Alex Wong/Getty Images

The law is a crude instrument. On Tuesday, a federal judge held up a class-action settlement in which many retired National Football League players accused the NFL of knowingly obscuring the ill consequences of head trauma. A $765 million deal had been struck in August. But the judge, Anita Brody, is questioning whether the settlement is too small. One leaps to agree: Yes! It’s far too small! It should be billions and billions!

But while Brody indeed left herself room, in her decision, to decide that it should eventually be billions, she would not be sharing the reasoning of an observer who believes the players are not getting a fair shake. Her objection is to whether the settlement amount is consistent with the internal logic of the settlement itself. Specifically, she is concerned that the $675 million that is actually set aside to pay players—according to a complicated, tiered scheme agreed to by both sides—simply will not be enough. “It is difficult to see how the Monetary Award Fund would have the funds available over its lifespan to pay all claimants at these significant award levels,” she wrote.

Is the problem that the players deserve more? No. That the NFL need not admit a scintilla of guilt, culpability, or wrongdoing? Nope. That there won’t be discovery as a result of the settlement? Nunh-unh. Even sniping among various plaintiff factions—ESPN’s Fainauru brothers have a good rundown—has been centered around the question of whether the allotted funds are enough to fulfill the settlement’s own parameters, not whether the settlement’s parameters are all wrong.

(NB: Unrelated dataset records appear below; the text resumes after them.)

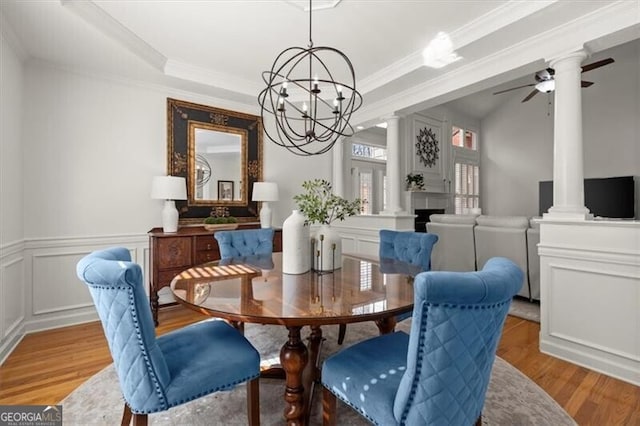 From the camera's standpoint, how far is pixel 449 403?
98 centimetres

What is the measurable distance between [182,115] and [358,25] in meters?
2.18

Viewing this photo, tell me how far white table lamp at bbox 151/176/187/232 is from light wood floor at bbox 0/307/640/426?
1021mm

What should be done is difficult to say. The settlement could still come apart, particularly if, as several lawyers threatened, enough plaintiffs opt out. Notwithstanding various exemptions and subsidies the NFL receives from the federal government (like tax-exempt status), it and its teams are private entities, and this is a private matter. And it was distasteful when Congress investigated steroids in baseball. Yet on the other hand, it is hard to deny that there is a broader public interest in seeing this settled equitably. And it is telling that the best statement I saw related to Tuesday’s news came from Rep. Linda Sanchez, who chaired hearings held in 2009 probing concussions in the NFL. She said: “The settlement does not do enough to ensure that the NFL is taking all the necessary precautions to protect its active and retired players.” Even if they find a little more money to fulfill the settlement’s own guidelines, that will remain true.